The process of courts begins with an inquiry from the injured person- verbal or written. Typically, the responding attorney will take in the pertinent details, analyze what is important, and formulate a plan going forward to get the inquirer the appropriate remedy. This necessarily involves an analysis of rights that flow from a personal injury event.
The injured person is of course entitled to have their medical bills paid for. They are of course entitled to compensation for their last wages. If the injured person is without a car, they might be entitled to compensation for rental expenses, or for alternate transportation. They are also entitled to an award for non-economic damage. Such payment is designed to compensate the victim for those intangible losses not subject to ready calculation. Examples here would be things such as physical or emotional pain or turmoil. Distress or embarrassment. Physical scarring. Humiliation. All of these components, unique to each injury, must be cataloged and analyzed.
The inquirer likely has some expectation that they will be given a summary of their legal rights, at least to the extent that such legal rights are apparent at the time of the call. What the injured person may not know, and indeed may find surprising, is that they also have legal obligations in this scenario. Those injured at the hands of another through no fault of their own may indeed question why there is a need for them to do anything. At all.
Communicating With Insurance
Anyone involved in a motor vehicle accident must advise the insurance company of the event. The other driver might make claims that are based on a different perception of the event. Your insurance company has a right to investigate the accident. The injured person likely has the right to first-party/medical payments/personal injury protection benefits under their own policy, and such claims typically have to be quickly filed and pursued.
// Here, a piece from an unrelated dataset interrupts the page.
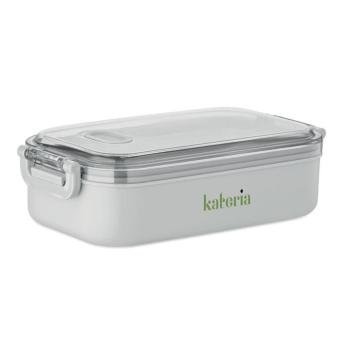 HOAGIE PP lunch box Convoy grey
Without timely notice, your insurance company may take the position that you have prevented them from properly investigating the claim, and deny you import benefits and protections.
Perhaps the classic unfolding scenario is one in which a driver, sure that the other person was at-fault, does not report the incident, perhaps because they believe “their rates will go up”. In this unfortunate example, assume the other driver has a much different version and wins in court. The driver who failed to report the claim will be denied insurance coverage, i.e., payment, for the judgment that has been entered against them.